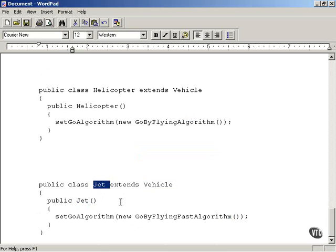As you can see, the idea is you can customize each class — helicopter, jet, street racer, and so forth — by using a different algorithm when you create the object. This allows you to separate the changeable code from using it across generations of inheritance, instead using external algorithm objects. That is the strategy design pattern at work. Next, we're going to see our code actually executing and confirm that it does what we want it to do.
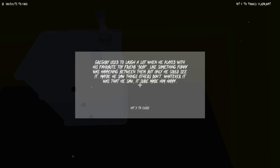Gregory used to laugh a lot when he played with his favorite friend toy friend Dobby, like something funny was happening between them, but only he could see it. Maybe he saw things others don't. Whatever it was that he saw sure made him happy.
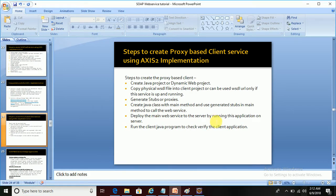Hi all, in this tutorial we'll see what steps we need to follow to create a proxy-based client service using Axis2 implementation. Let's get started — I have listed out the steps we need to follow.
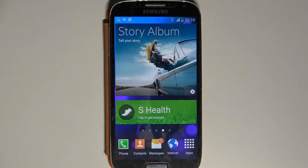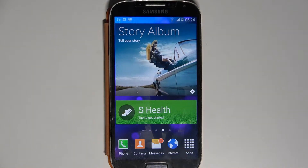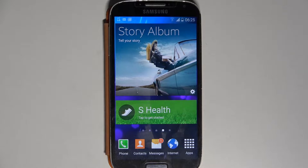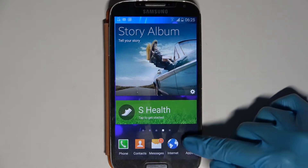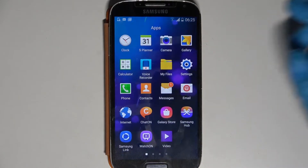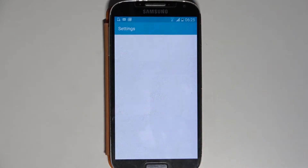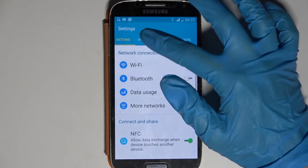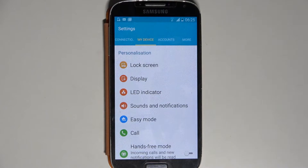In front of me is the Samsung Galaxy S4, and today I would like to show you how you can manage vibrations on this device. First of all, go to Apps, then select Device Settings, and tap on My Device.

- **Exercise details**
Set down exactly, line for line, the data from the line that contains "Hi all, in this" through its last line, keeping pictures out.

- **Response**
Hi all, in this tutorial we'll see what steps we need to follow to create a proxy-based client service using Axis2 implementation. Let's get started — I have listed out the steps we need to follow.
In front of me is the Samsung Galaxy S4, and today I would like to show you how you can manage vibrations on this device. First of all, go to Apps, then select Device Settings, and tap on My Device.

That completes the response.